MLK2 Le plasmide d'activation CRISPR (h) offre une approche ciblée et non destructive pour réguler à la hausse l'expression endogène de MAP3K10 sans modifier la séquence d'ADN sous-jacente.
MLK2 Le plasmide d'activation CRISPR (h) est un système SAM (synergistic activation mediator) à trois plasmides conçu pour une régulation à la hausse hautement efficace et spécifique du locus MAP3K10 dans des lignées cellulaires humaines. Le système s'articule autour d'une Cas9 catalytiquement inactive (dCas9) portant deux mutations inactivantes (D10A et N863A) qui éliminent l'activité nucléase tout en préservant la liaison à l'ADN. Cette dCas9 est fusionnée à VP64, un puissant activateur transcriptionnel, et est co-exprimée avec un gène de résistance à la blasticidine pour la sélection.
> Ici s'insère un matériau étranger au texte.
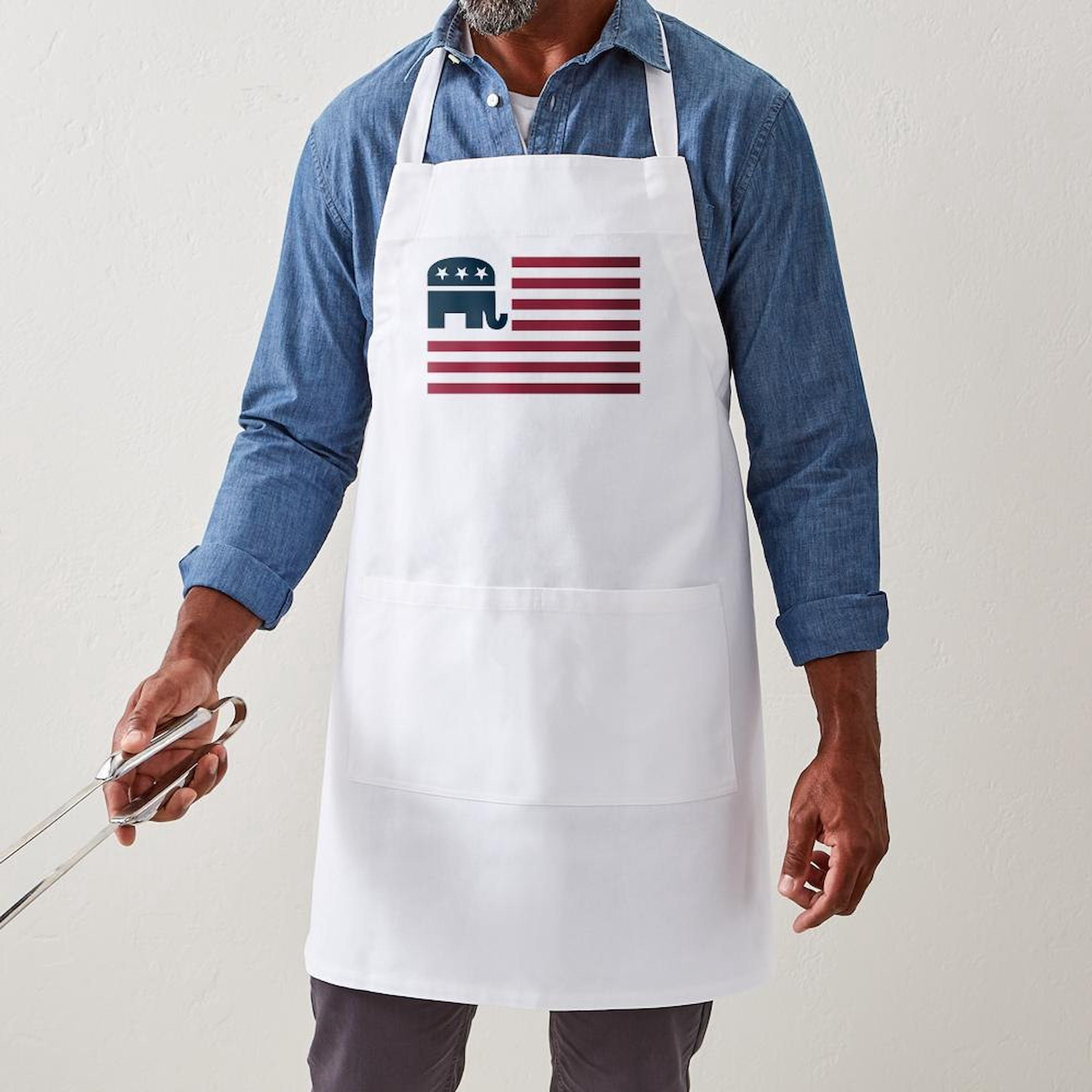 CafePress - GOP Flag BBQ - Kitchen Apron with Pockets, Grilling Apron, Baking Apron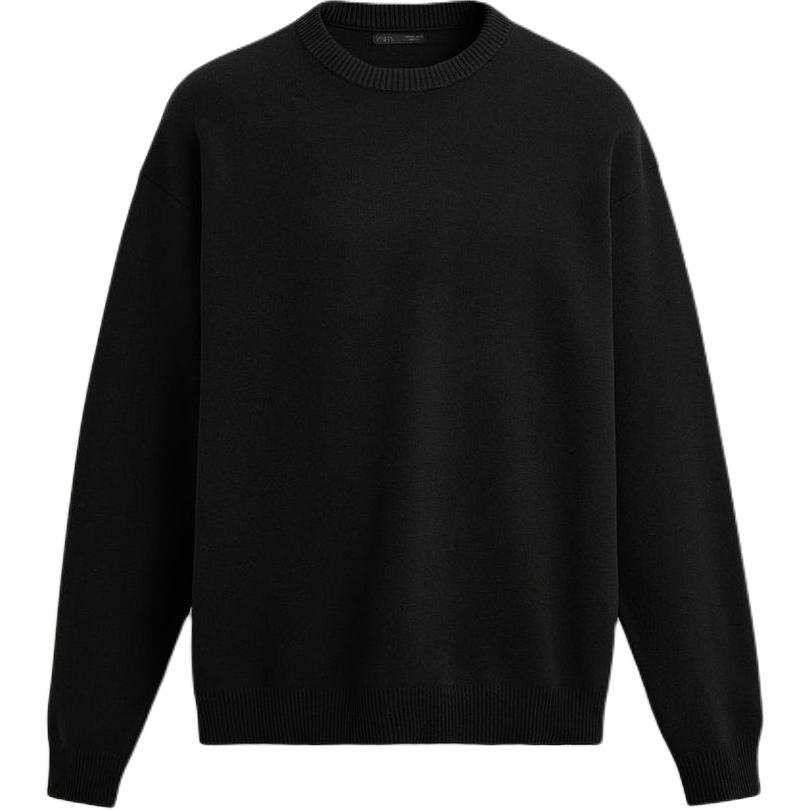 ZARA ZARA Sweaters Men's Black Crew Neck Moderate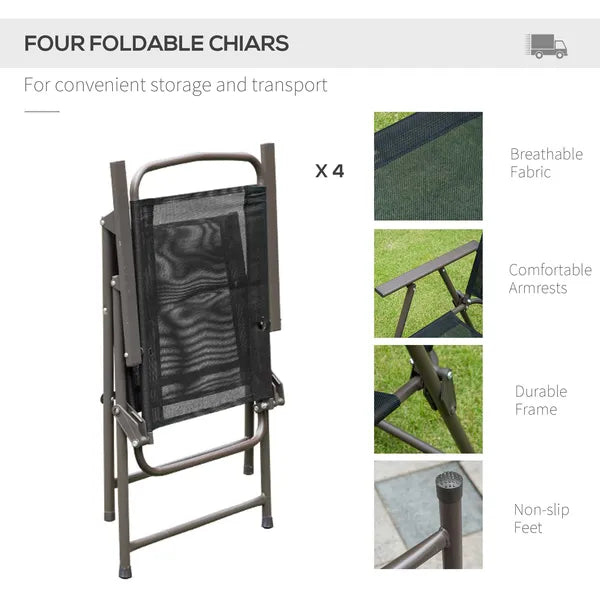 6 Piece Patio Dining Set for 4 with Umbrella, Outdoor Table and Chairs with 4 Folding Dining Chairs and Round Glass Table - product image 7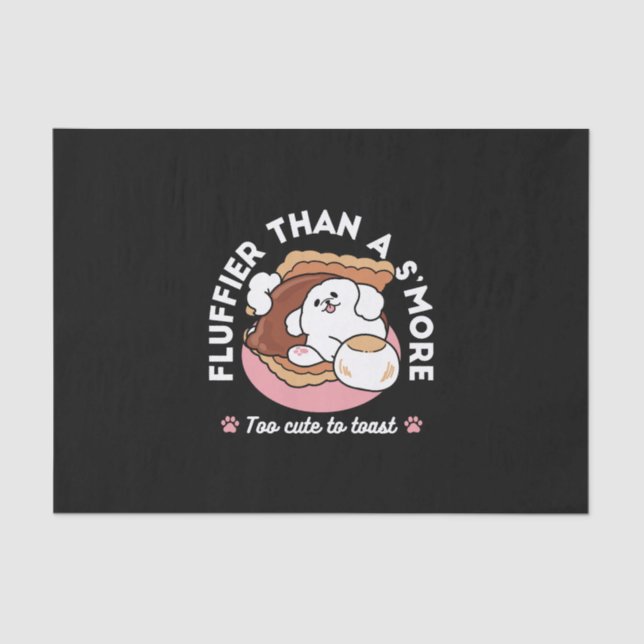 Funny Dog and S’more Design – Kawaii Pet Lover Pun Tissue Paper (Front)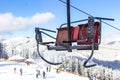 Chair lift at the ski resort Bukovel in Ukraine Royalty Free Stock Photo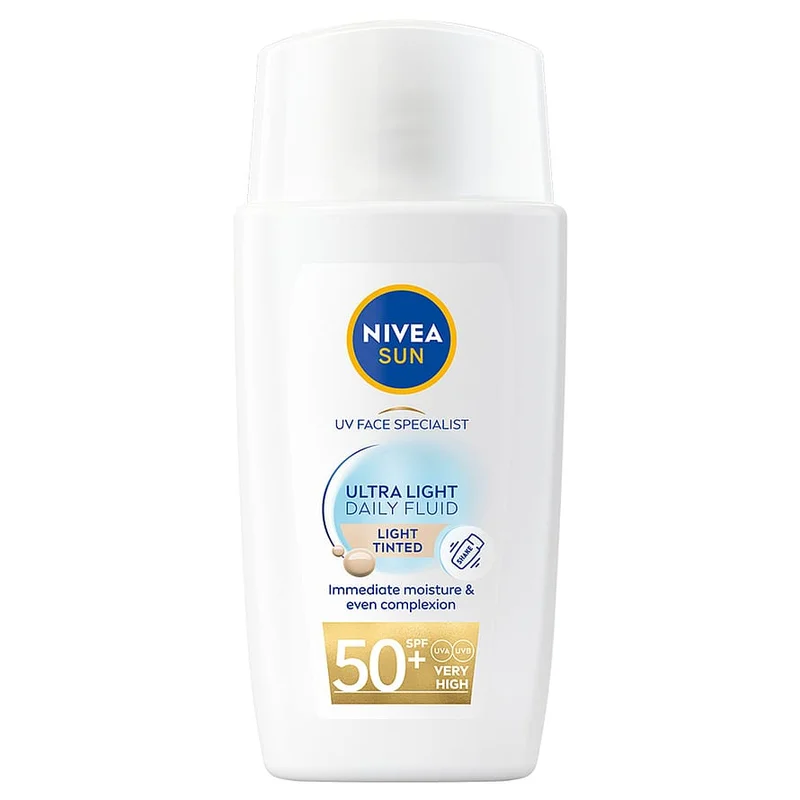 NIVEA Daily Fluid SPF 50+ Light Tinted 40 ml, Hudpleje, Solcreme, Solcreme Til Ansigtet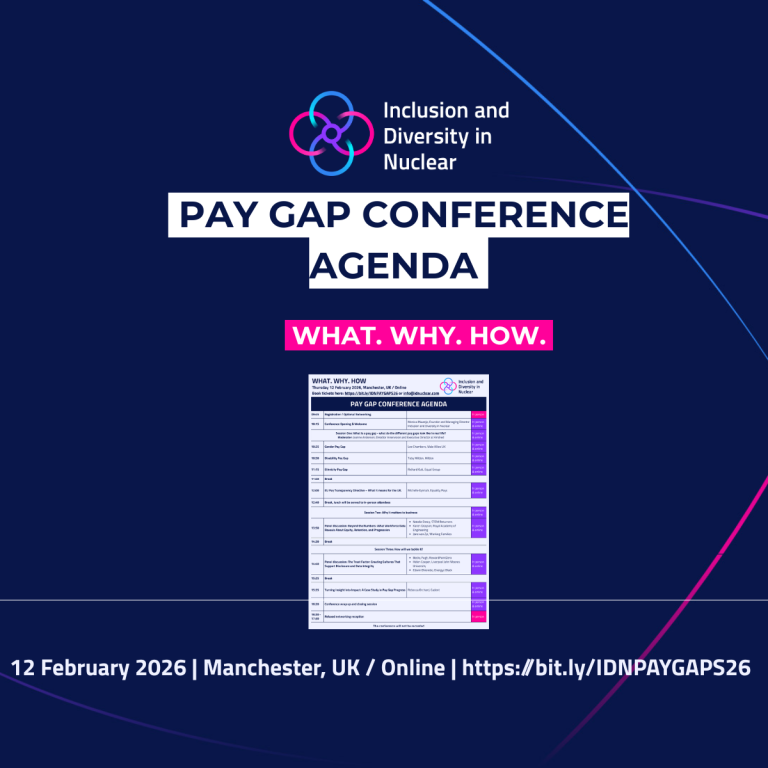 Promotional graphic for the Pay Gap Conference Agenda. The top features the Inclusion and Diversity in Nuclear logo and organisation name. The main text reads ‘Pay Gap Conference Agenda’ followed by the tagline ‘What. Why. How.’ Below is a small preview image of the full conference agenda. At the bottom, the graphic lists event details: ‘12 February 2026 | Manchester, UK / Online | https://bit.ly/IDNPAYGAPS26’. The background is dark blue with curved accent lines in blue and pink.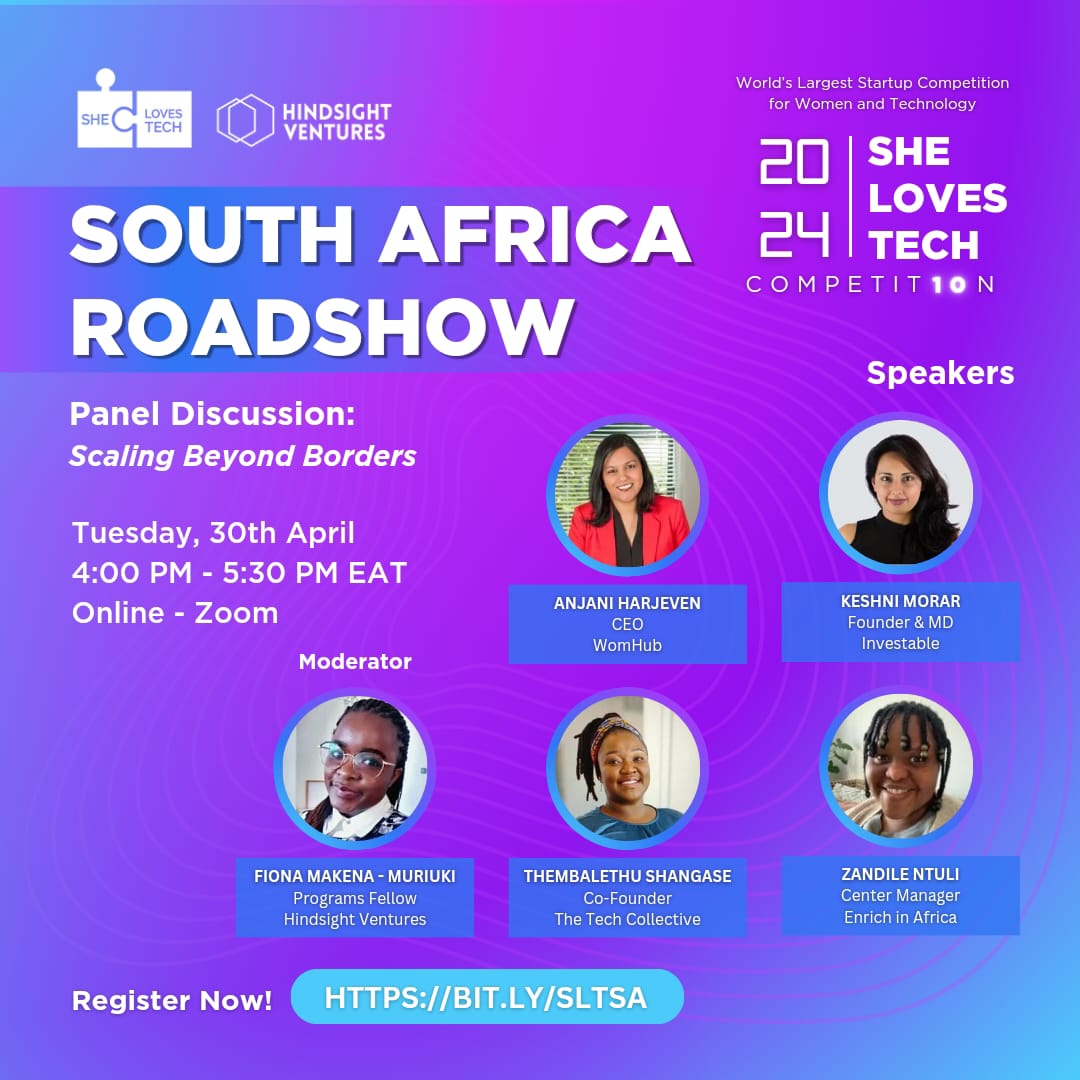 🚀 Exciting News! 🚀 Join us for the upcoming virtual @SheLovesTechOrg South Africa Roadshow on April 30th, 4:00 PM - 5:30 PM EAT, discussing scaling your startup or venture beyond borders. Click here to register:  forms.gle/LJNB1UsTzXMXwf… #SheLovesTech2024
Le deuxième plasmide code pour la protéine de fusion MS2-p65-HSF1, un complexe activateur secondaire qui agit de concert avec dCas9-VP64, ainsi qu'un gène de résistance à l'hygromycine. Le troisième plasmide code pour un ARN guide (sgRNA) de 20 nt spécifique de la cible, fusionné à deux aptamères d'ARN MS2 qui recrutent le complexe MS2-p65-HSF1 vers le site d'activation, accompagné d'un gène de résistance à la puromycine. Les trois plasmides sont délivrés dans un rapport massique de 1:1:1 pour une expression équilibrée de tous les composants du système.
Une fois assemblé au locus cible, le complexe SAM se lie à environ 200 pb en amont du site de départ de la transcription MAP3K10, où VP64, p65 et HSF1 agissent de concert pour recruter la machinerie transcriptionnelle et induire une régulation à la hausse de l'expression endogène de MLK2. Contrairement à Cas9, qui possède une activité nucléase, dCas9 n'introduit pas de cassures double brin ni ne modifie la séquence génomique, préservant ainsi le locus MAP3K10 natif et permettant l'étude des réponses transcriptionnelles dépendantes de MLK2 au niveau du locus endogène, ce qui en fait un outil précieux pour les études fonctionnelles, l'identification de gènes cibles et la modélisation de la restauration de la voie MLK2 dans les cellules tumorales présentant une expression de MAP3K10 silencée ou réduite.
Réservé à la recherche. N'est pas destiné à un usage diagnostique ou thérapeutique.